Anonymous 0 Comments

Because that’s [one of the four possible] shape[s] that ~~is~~[are] caused by attraction toward a point whose strength is proportional to one divided by the square of the distance to that point.

Anonymous 0 Comments

If they started perfectly circular they would stay that way. They dont, and the imperfections mean at some point gravity is stronger along the planets path, and will speed the object up. This creates an even larger imperfection in the circle, and it just goes from there. Hopefully this is a bit of an easier way to understand it without all the complex crap about systems at equilibrium.

Anonymous 0 Comments

Gravity follows an inverse-square law, so the strength of gravity is inversely proportional to the square of the distance between the two masses. When you crunch the numbers on this, all possible orbital paths turn out to be conic sections.

A conic sections is just the surface you get if you chop through a(n infinite) cone with a plane. There are four of these. Cut horizontally and your get a circle. Cut at a slight angle and you get an ellipse. (A circle is really just a special ellipse.) Cut at an angle parallel to the slope of the cone and you get a parabola. Cut steeper, and you get a hyperbola.

The first two of these are closed curves, i.e. they are loops. These are the orbits that planets have. The other two are open curves (i.e. they go off to infinity). These are the orbits that some comets have if they pass the sun once and never return.

Anonymous 0 Comments

Because if they had triangular orbits, then when they were on the “side”, the gravity due to the sun would deflect their path off of a straight line. The same is true for any polygon, so they must be curved.

Anonymous 0 Comments

If the universe were perfect, then maybe all of the planets could orbit in perfect circles around their parent stars.

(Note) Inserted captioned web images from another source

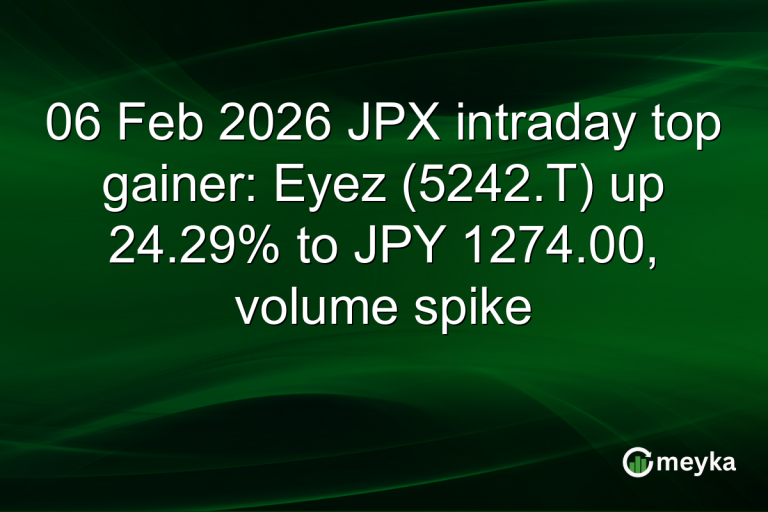 06 Feb 2026 JPX intraday top gainer: Eyez (5242.T) up 24.29% to JPY 1274.00, volume spike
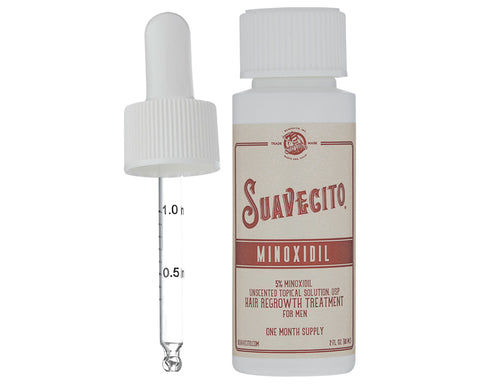 Minoxidil - 1 Month Supply Bottle Dropper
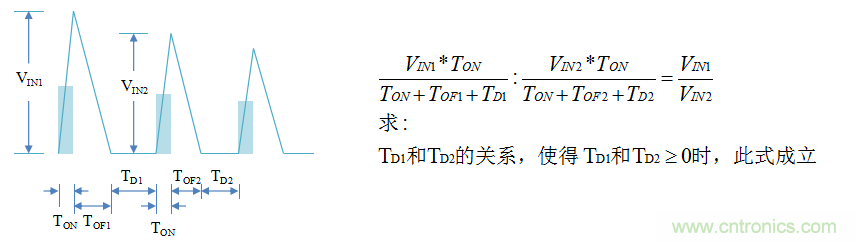 【精辟】就這樣把PF和PFC講透了?。?！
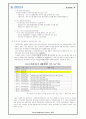 지방채와 재정건전성 20페이지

But the universe, as it turns out, is very complicated and rarely works out so nice. In our solar system, there are eight planets (plus or minus Pluto) and millions of other tiny moons, asteroids, comets, and other junk. Everything with *mass* (so… basically everything but light) has *gravity*, which means that everything in the solar system pulls on everything else.

Imagine a million ropes tied to you, and each of them is pulling in a different direction. Some pull harder than others, though, depending on the mass of the thing doing the pulling.

The Sun contains the vast majority of the mass in the solar system, so you can just pretend that there’s only one thing pulling on the Earth. But it’s not a perfect approximation, because the Moon is there, too, and it’s gravity affects the earth enough to create tides. Jupiter is the largest planet in the Solar System, and it does have a measurable pull on the Earth, even from tens of millions of miles away.

So, even if the Earth’s orbit started out as a perfect circle, it’s not going to stay that way. In a perfectly circular orbit, a planet would move at a constant speed during their orbit. But a little tug from Jupiter might be enough to speed the Earth up a little bit (maybe only a few meters per second). But now the Earth is moving faster, which means it now has more *energy*. Energy, and this other thing called *angular momentum* like to be conserved, though. That basically means that the little bit of energy that the Earth gained has to go somewhere. Specifically, it goes into the orbit—in order to compensate for the increase in energy, **the orbit actually has to get bigger.**

The current position of the Earth acts kind of like an “anchor” point for the orbit’s expansion. If Earth gets a little bit faster, the orbit will stretch out *away from its current position*. A stretched out circle becomes… an ellipse!

This also means that the Earth will be ever so slightly further away from the sun at the opposite end of its orbit, since we stretched the orbit out a bit.

So, after the 4.5 billion-year lifetime of the Earth, its been pulled and tugged every direction by all the different planets in the solar system, which are constantly causing the Earth’s orbit to stretch and squeeze in different directions. The difference is extremely small, but it’s important when we’re trying to send stuff to other planets, where the difference of a few feet might mean landing a probe on Mars and crashing into the surface.

Anonymous 0 Comments

Just to add something to the other answers:

A comprehensive answer is not really possible in ELI5. Gravity follows an inverse-square law, and that does result in elliptical (or paraboical) orbits, but WHY that is the result is not easy to explain.

Back in the day, Isaac Newton had to invent a whole new branch of mathemathics for this.